BEGIN SUPPLIED INFORMATION
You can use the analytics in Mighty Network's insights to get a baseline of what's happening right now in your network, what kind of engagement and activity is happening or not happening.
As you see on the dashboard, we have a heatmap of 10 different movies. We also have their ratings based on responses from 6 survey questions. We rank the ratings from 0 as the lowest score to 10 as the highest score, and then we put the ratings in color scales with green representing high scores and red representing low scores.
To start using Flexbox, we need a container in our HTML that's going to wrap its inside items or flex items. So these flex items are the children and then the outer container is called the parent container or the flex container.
END SUPPLIED INFORMATION
BEGIN SUPPLIED INFORMATION
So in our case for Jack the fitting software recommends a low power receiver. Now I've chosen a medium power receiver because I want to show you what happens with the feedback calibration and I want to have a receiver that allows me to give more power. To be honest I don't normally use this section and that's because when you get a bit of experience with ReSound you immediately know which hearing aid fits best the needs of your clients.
END SUPPLIED INFORMATION
EXERCISE DESCRIPTION
After locating the line holding "As you see on" above, output exactly that line and every line after it through the line holding "To start using". Include nothing else.

SOLUTION TO THE PROBLEM
As you see on the dashboard, we have a heatmap of 10 different movies. We also have their ratings based on responses from 6 survey questions. We rank the ratings from 0 as the lowest score to 10 as the highest score, and then we put the ratings in color scales with green representing high scores and red representing low scores.
To start using Flexbox, we need a container in our HTML that's going to wrap its inside items or flex items. So these flex items are the children and then the outer container is called the parent container or the flex container.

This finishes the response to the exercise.